Top of Provided information
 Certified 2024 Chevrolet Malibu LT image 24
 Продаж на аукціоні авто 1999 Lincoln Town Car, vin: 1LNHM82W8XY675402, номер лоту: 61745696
Bottom of Provided information
Top of Provided information
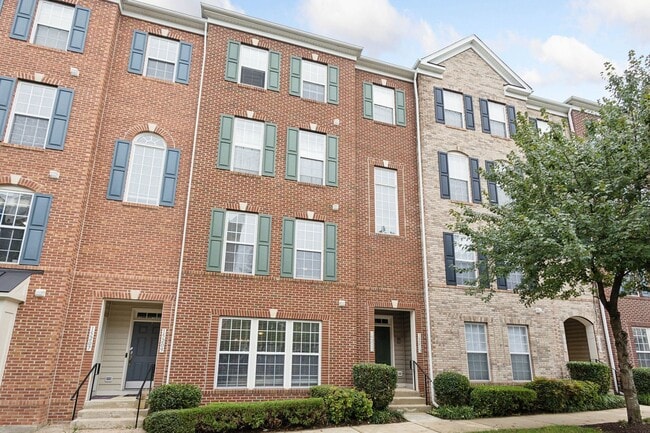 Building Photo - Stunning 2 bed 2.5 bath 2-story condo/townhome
Bottom of Provided information
--- What to work on ---
In the listing above, transcribe exactly everything from the line containing "Certified 2024 Chevrolet Malibu LT image 24" down to the line containing "Продаж на аукціоні", including both and nothing more.

--- Response to the exercise ---
 Certified 2024 Chevrolet Malibu LT image 24
 Продаж на аукціоні авто 1999 Lincoln Town Car, vin: 1LNHM82W8XY675402, номер лоту: 61745696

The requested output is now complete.